• _Action item_
Of the material below, the lines to be retyped are those from the line containing "Blue polka dot" through the line containing "Smiling female bartender", inclusive; reproduce them exactly.

• _Records_
============================================================
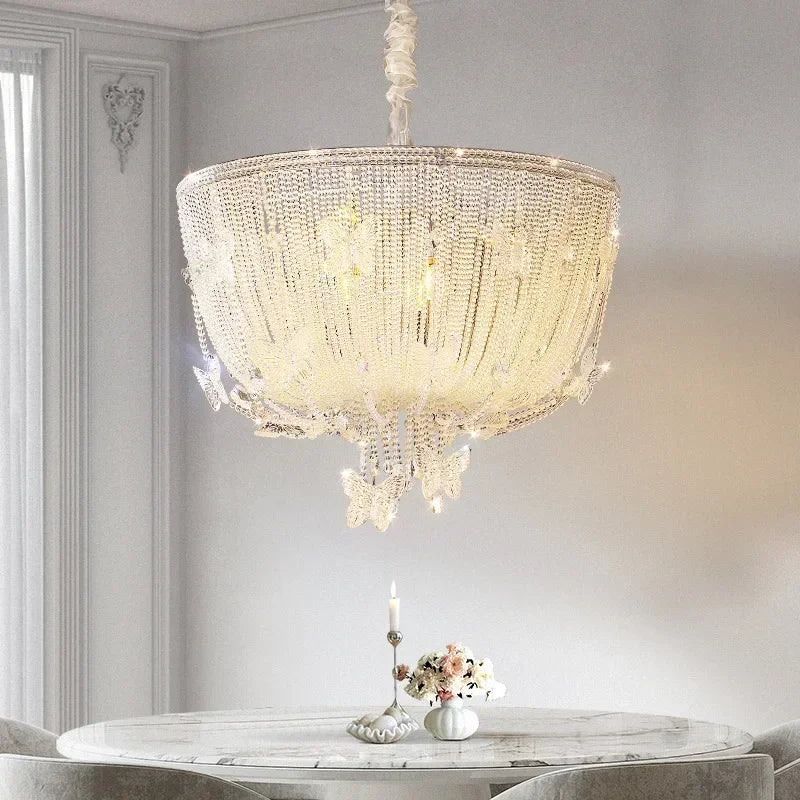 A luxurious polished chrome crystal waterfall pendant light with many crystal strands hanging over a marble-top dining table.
============================================================
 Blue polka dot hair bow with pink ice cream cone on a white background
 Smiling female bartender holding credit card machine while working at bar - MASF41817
============================================================
• _Written response_
 Blue polka dot hair bow with pink ice cream cone on a white background
 Smiling female bartender holding credit card machine while working at bar - MASF41817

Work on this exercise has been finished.